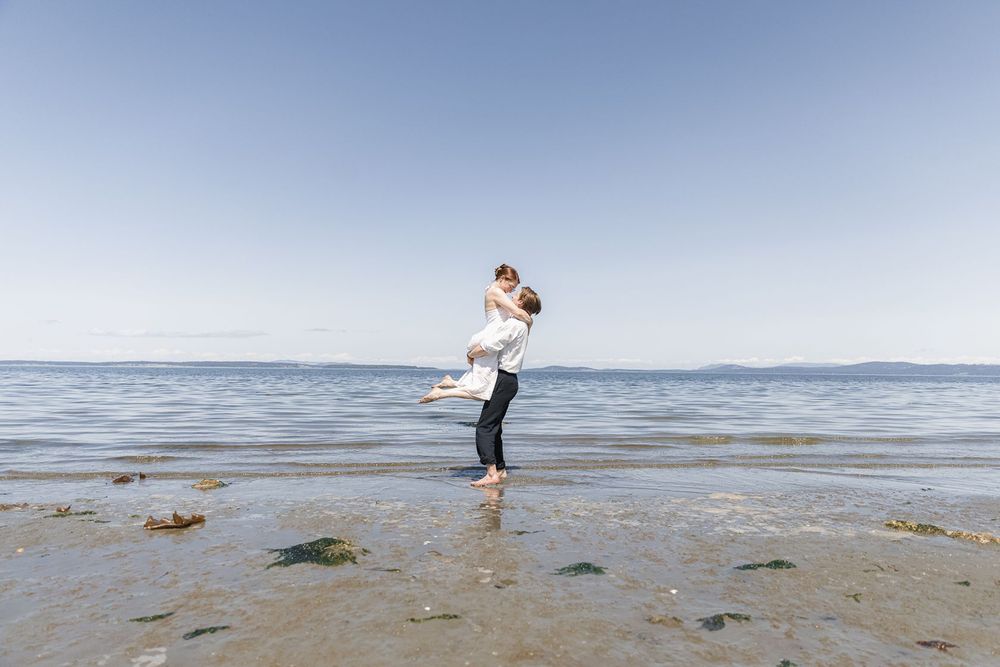 Couple embracing on a serene beach, man lifting woman joyfully with calm ocean waters and clear blue sky behind them.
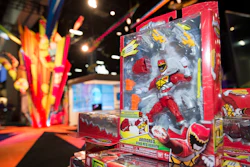 In this July 8, 2015, file photo, a Power Rangers figure sits on display at a booth before Preview Night at Comic-Con International held at the San Diego Convention Center in San Diego. Hasbro is buying the Power Rangers and some other toy brands from Saban Properties in a cash-and-stock deal valued at about $522 million.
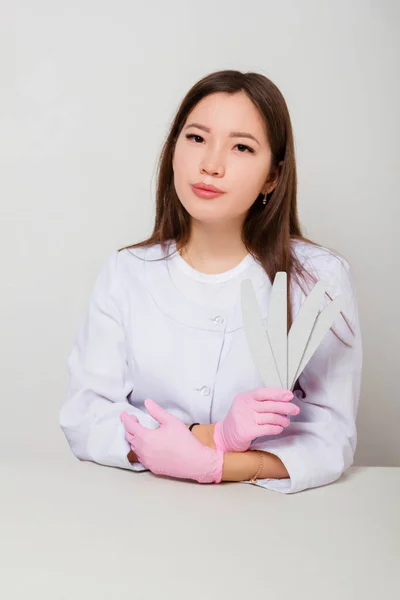 Portrait Woman Master Nails White Coat Gloves Sitting Table White — Stock Photo, Image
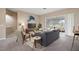 Living room with sliding glass doors leading to the backyard at 5616 Illumination Ln, Leesburg, FL 34748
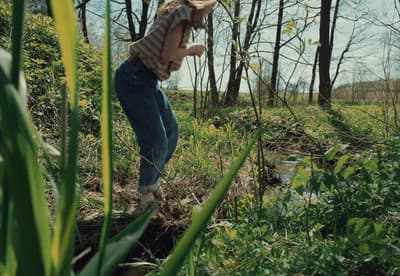 a woman standing in a field next to a forest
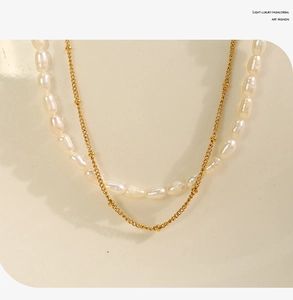 Close-up of double-layered gold chain necklace with white freshwater pearls on a bust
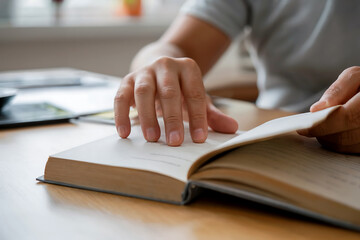 Person reading an open book with fingers on pages and turning a page hands turning page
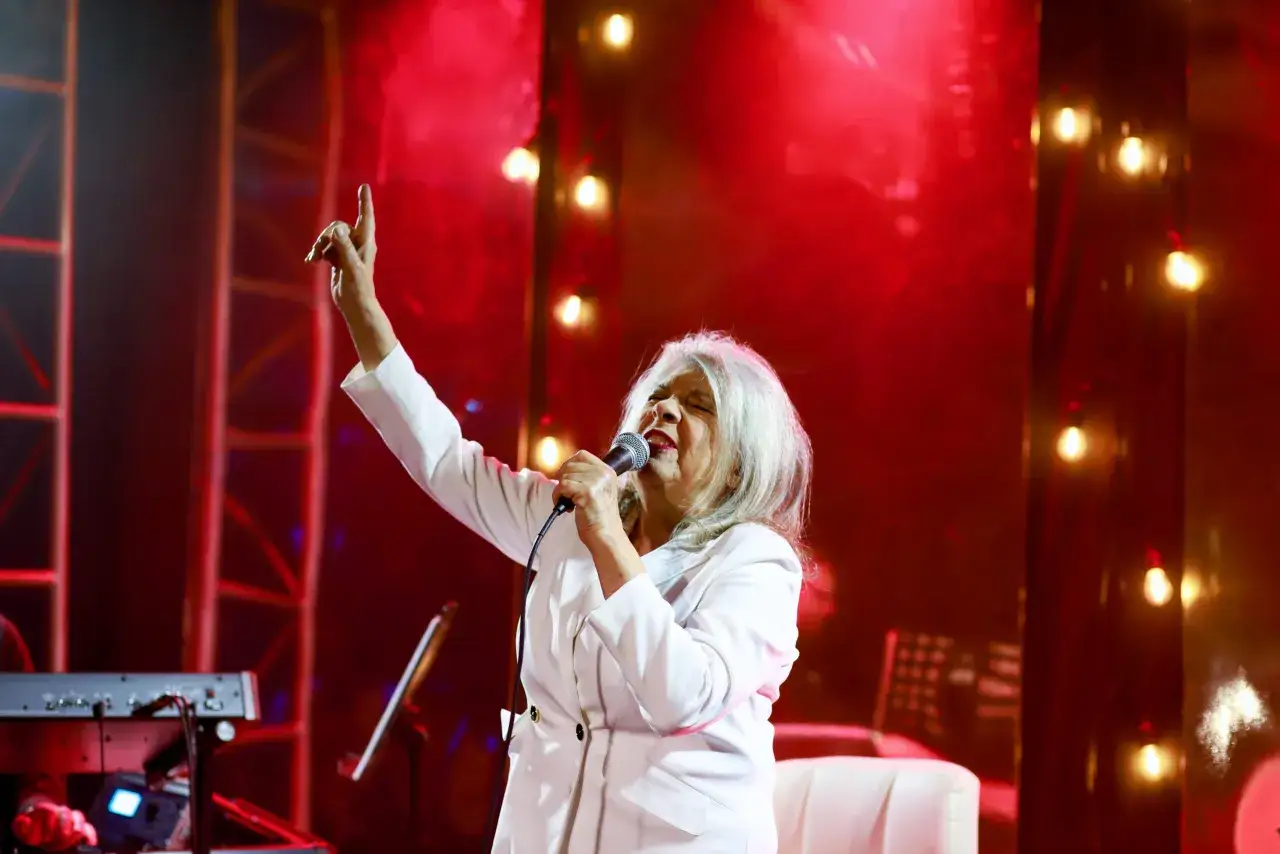 Krystyna Prońko, w białej marynarce, śpiewa na scenie. Jej ręka uniesiona w górę, jakby podkreślała emocje w jej utworach.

## WORK REQUEST
Could you write out every line above exactly as it stands, with no images?

## RESPONSE
 Couple embracing on a serene beach, man lifting woman joyfully with calm ocean waters and clear blue sky behind them.
 In this July 8, 2015, file photo, a Power Rangers figure sits on display at a booth before Preview Night at Comic-Con International held at the San Diego Convention Center in San Diego. Hasbro is buying the Power Rangers and some other toy brands from Saban Properties in a cash-and-stock deal valued at about $522 million.
 Portrait Woman Master Nails White Coat Gloves Sitting Table White — Stock Photo, Image
 Living room with sliding glass doors leading to the backyard at 5616 Illumination Ln, Leesburg, FL 34748
 a woman standing in a field next to a forest
 Close-up of double-layered gold chain necklace with white freshwater pearls on a bust
 Person reading an open book with fingers on pages and turning a page hands turning page
 Krystyna Prońko, w białej marynarce, śpiewa na scenie. Jej ręka uniesiona w górę, jakby podkreślała emocje w jej utworach.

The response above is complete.